Diagnosis and Treatment for Chest Pain

Diagnosis Testing
         The ECG is critical to the evaluation of chest pain. In fact, for the acutely ill patient, it is prudent to quickly review the ECG prior to completing the history and physical. ECG findings that should not be missed are outlined in Table A. Prior ECGs for comparison are invaluable. If ischemia is a concern. serial ECGs are useful to look for evolution of the infarct pattern. Suspicion for right ventricular infarct should be investigated with right-sided precordial leads, and suspicion for a posterior infarct should prompt evaluation with posterior chest leads.

              The CXR complements teh ECG by screening for many of the life-threatening conditions that ECG fails to identify, These include:
                  - Aortic dissection (widened mediastinum)
                  - Heart failure (pulmonary edema)
                  - Pericardial effusion (enlargement of the heart shadow)
                  - Pneumothorax (free air in the thorax, usually at the apices in an upright patient)
                  - Pulmonary infiltrates (pneumonia)
                  - Pulmonary embolism (Hampton's hump: peripherally based, wedge-shaped infarction)
                  - GI perforation (free air beneath the diaphragm)

            Evaluation for myocardial infarction should include measurement of serial cardiac biomakers. Because the levels of these biomakers rise several hours after the onset of infarction. It is important to know that the patient with myocardial infarction who has sought medical attention without delay may not yet have a positive test. Two negative tests 8 hours apart are ususally sufficient to rule out a myocardial infarction. The pattern of elevated biomaker levels can demonstrate the timing and severity of the infarction.

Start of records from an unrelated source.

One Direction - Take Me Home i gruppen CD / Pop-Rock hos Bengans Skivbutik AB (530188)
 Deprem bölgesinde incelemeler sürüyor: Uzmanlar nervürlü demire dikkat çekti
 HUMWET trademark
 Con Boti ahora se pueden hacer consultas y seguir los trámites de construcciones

            Several assays are available, including troponin I, troponin T, creatine kinase MB fraction (CK-MB), and myoglobin, with specific advantages and disadvantages to each tests. In Barnes-Jewish hospital, Troponin I is the test of choice. Serum levels can rise quickly, and the test is extremely sensitive and specific for myocardial damage. Level stay elevated for several days after an infarct, which can be a disadvantage in understanding the timing of recuring chest pain in the days after in a infarction. CK-MB levels also rise quickly, and CK-MB is cleared more rapidly then Troponin. However, it is significantly less sensitive than troponin. CK-MB levels are useful for diagnosing reinfarction in patients with a recent myocardial infarction who have recurrent symptoms.

              Measurement of Brain Natriuretic Peptide (BNP) levels may be helpful to suggest previously undiagnosed heart failure, raising suspicion for underlying ischemic etiology in patients presenting with chest pain. Lipid profiles are useful for risk stratification for coronary artery disease but are little utility in evaluating acute chest pain. Clinical suspicion may warrant measurement of serum D-dimer pulmonary embolism, amylase/lipase (pancreatitis), or liver function tests (cholecystitis).


Differential Diagnosis for Chest Pain
            When it is clear that the patients is at lower risk and does not have a life-threatening condition, a broader differential diagnosis should include:
               - Cardiac:  stable angina. non-STEMI, pericarditis, coronary vasospasm
               - Pulmonary:  pneumonia, pleuritis
               - Gastrointestinal:  GERD, peptic ulcer, esophagitis, pancreatitis, cholecystitis
               - Neuromusculer: costochondritis, Herpes zooster, injury of pectoralis or intercostal muscle
               - Psychiatric: panic attack, anxiety disorder, pain syndromes


Chest Pain Treatment
            If one of the five most common like-threatening causes of chest pain is identified, an emergent treatment plan should be enacted.
 a. ST-segment elevation myocardial infarction (STEMI) requires rapid reestablishment of coronary blood flow (intravein thrombolytic therapy or percutaneous coronary intervention)
b. Cardiac tamponade is managed with urgent pericardiocentesis
c. Suspected aortic dissection should be confirmed with appropriate imaging (transesophageal echocardiography) CT scan, MRI. Type A dissection require  emergent surgical consultation.
d. Tension pneumothorax require immediate needle decompression followed by chest tube placement.
e. Suspected PE can be confirmed by appropriate imaging and treated with anticoagulation. Thrombolytic therapy is considered for patients with significant hemodynamic compromise.